Lundi 7 au soir, au journal de 20h de TF1, c'est un Edouard Philippe particulièrement remonté qui est intervenu sur le plateau pour annoncer l'arsenal sécuritaire que le gouvernement souhaite mettre en place pour lutter contre les débordements du mouvement des gilets jaunes.

Deux annonces ont principalement marqué cette intervention. Primo, un "durcissement de la législation pénale dans un certain nombre de circonstances" pour les actes de violence ou de vandalisme en marge des cortèges, deuxio, la création d'un nouveau fichier pour interdire l'accès des manifestations aux "casseurs". Cette dernière mesure relaye la demande du syndicat de policiers Alliance, et a déjà reçu le soutien de LREM par la voix de son délégué général Stanislas Guérini.

Des annonces qui ont rapidement été sous le feu des critiques de l'opposition, notamment sur un point: ces propositions ne représentent en rien une rupture puisque des dispositions légales existent déjà pour prévenir spécifiquement les manifestations violentes.
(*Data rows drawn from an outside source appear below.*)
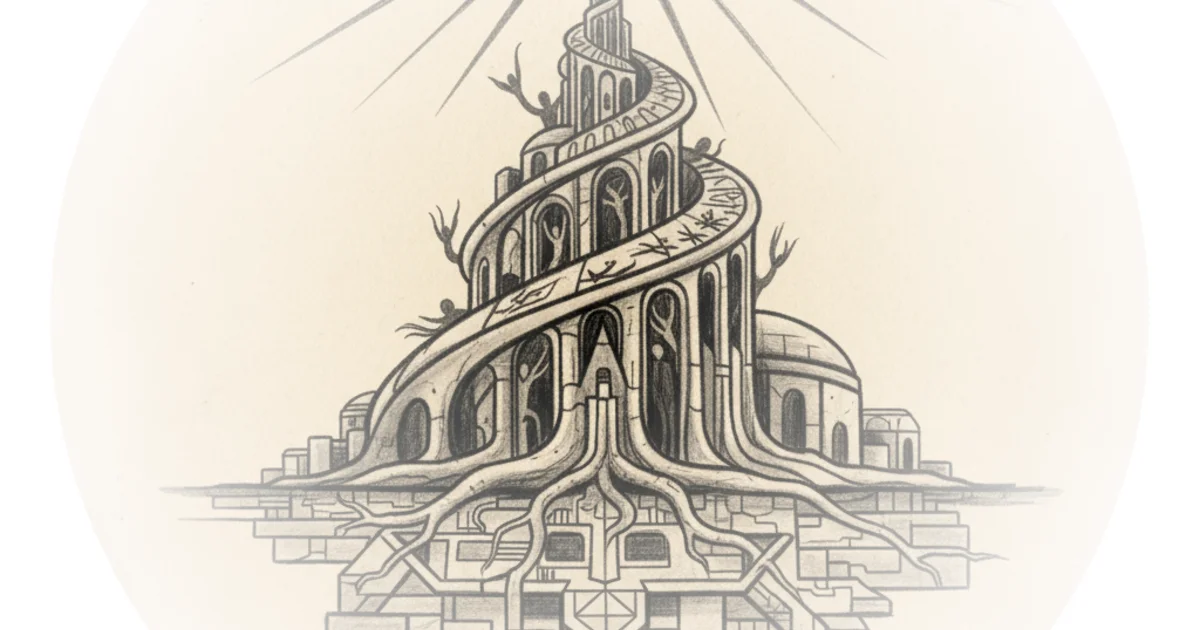 Architect omar degan: Reinstating Africa on the map of architecture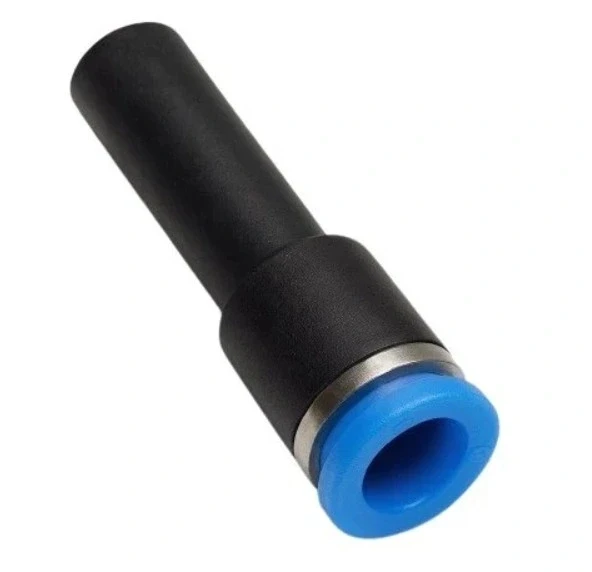 Redüksiyon Pnömatik Bağlantı Borulu Tip 6mmx8mm - Resim 5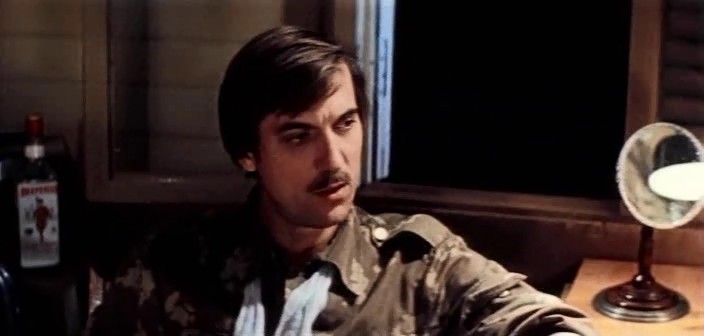   - " " (1982)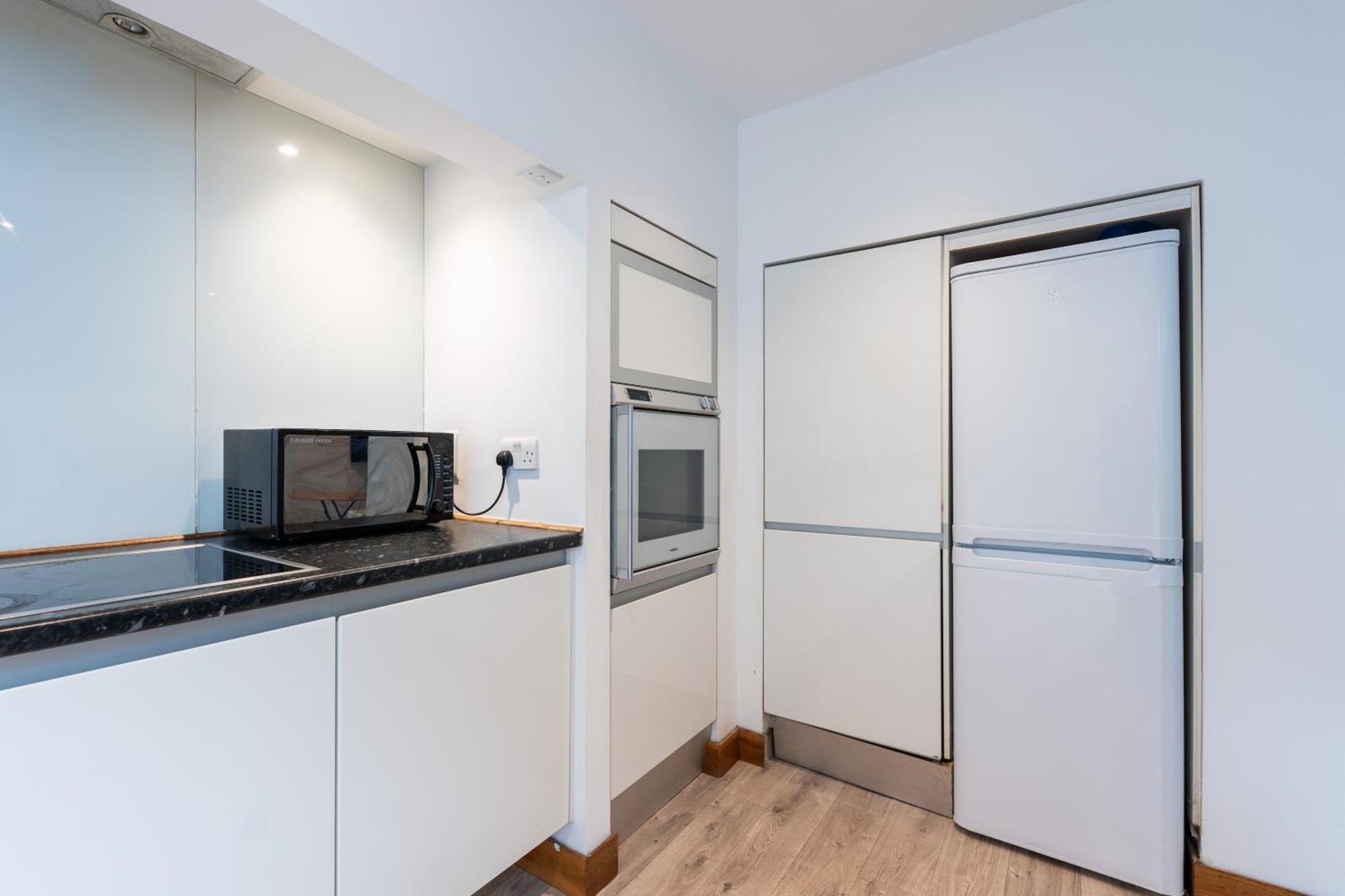 Luxury 2 Bedroom Flat In Bell Street London Exterior foto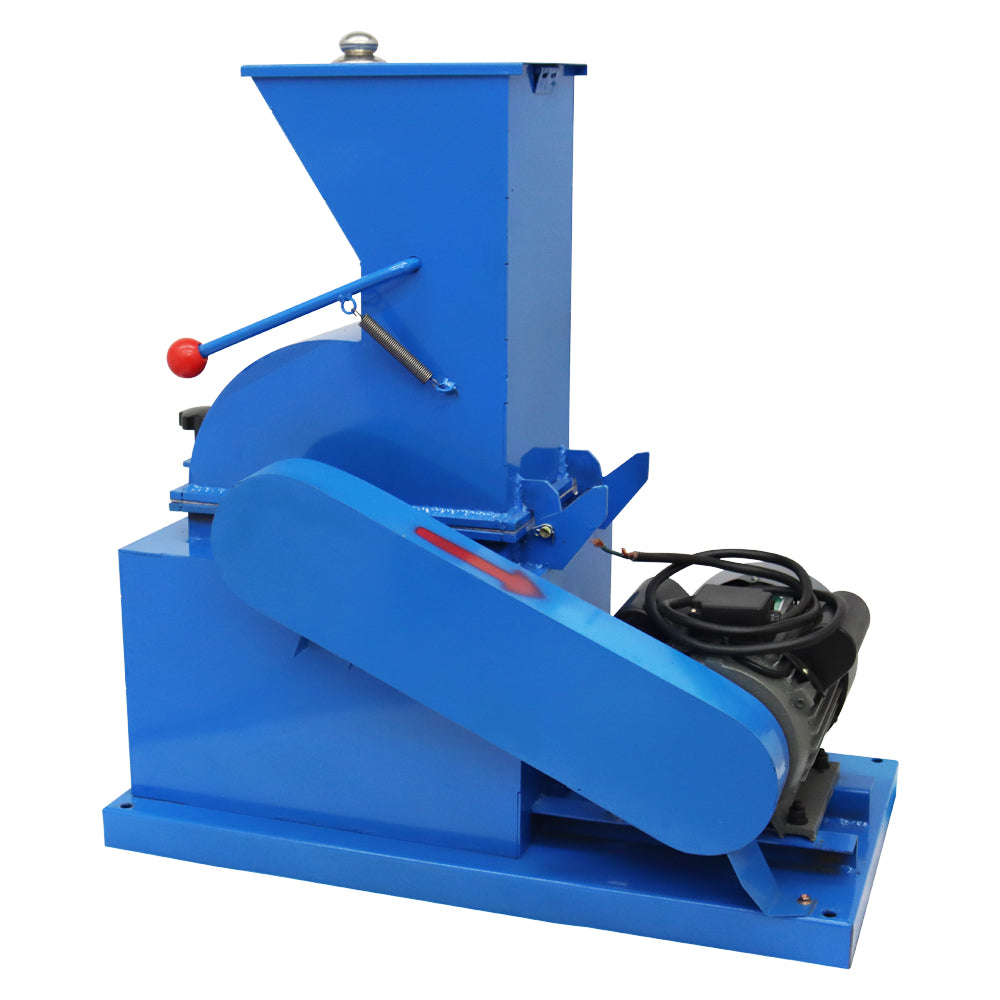 220V Small Hammer Crusher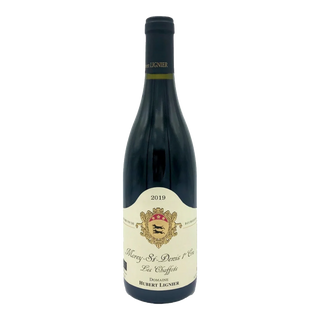 Morey-Saint-Denis 1er Cru Les Chaffots 2020 Domaine Hubert Lignier
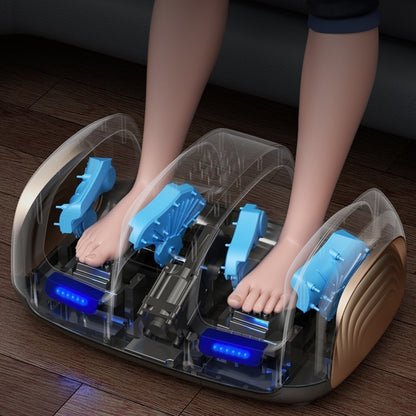 Fußmassagegerät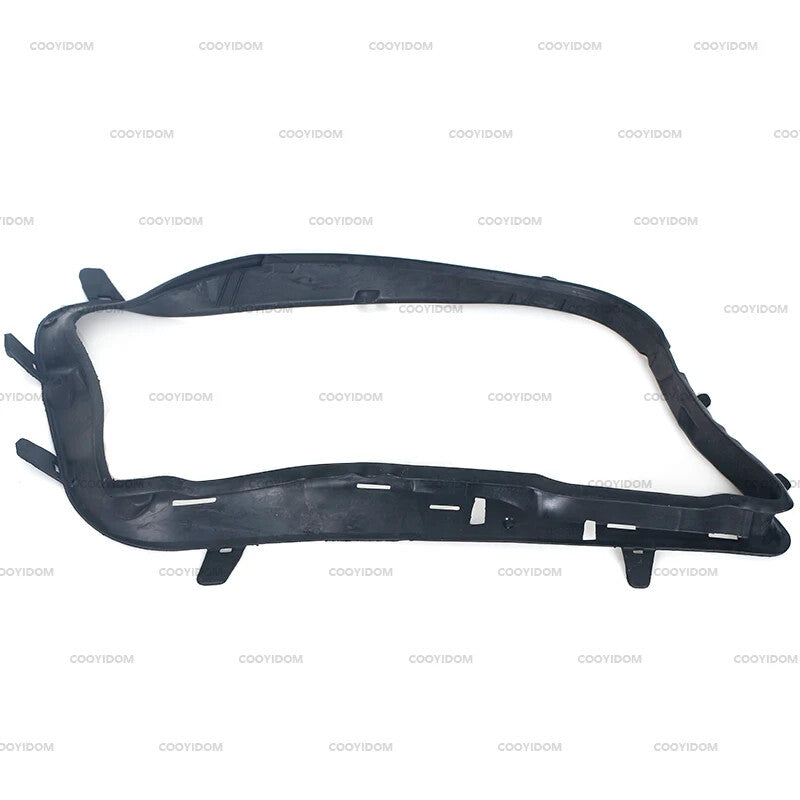 2Pcs Headlight Seal Sealing Ring for Mercedes-Benz W164 ML300 ML350 2006-2011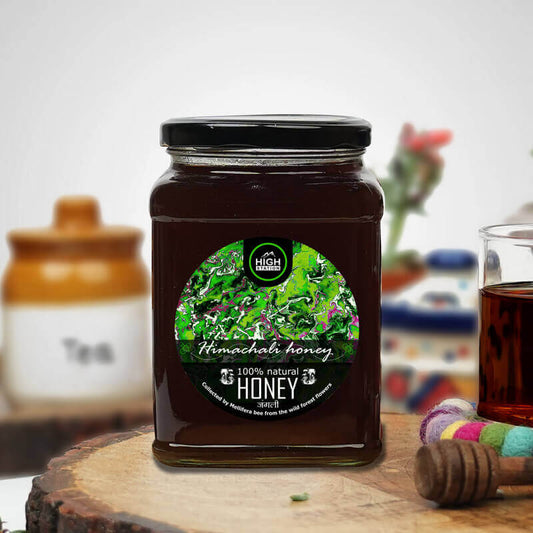 Himachali Honey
Les débordements violents en marge des cortèges n'ont pour l'instant fait face à aucun vide juridique particulier, notamment pour ceux qui ont été poursuivis.

La première loi "tendant à réprimer certaines formes nouvelles de délinquance" dite "loi anti-casseurs" date même de 1970. Elle sera abrogée en 1981 sous François Mitterrand, sous lequel sera ensuite mis en place la procédure de comparution immédiate toujours en vigueur pour juger sans délai un suspect après sa garde à vue. Selon les chiffres du Monde, 815 personnes ont été traduites en justice de cette manière depuis le début du mouvement. Les lois ont depuis continué de s'empiler: rien qu'en 2010, le code pénal s'est enrichi de la loi du 2 mars "renforçant la lutte contre les violences de groupes et la protection des personnes chargées d'une mission de service public" et celle du 11 octobre "interdisant la dissimulation du visage dans l'espace public".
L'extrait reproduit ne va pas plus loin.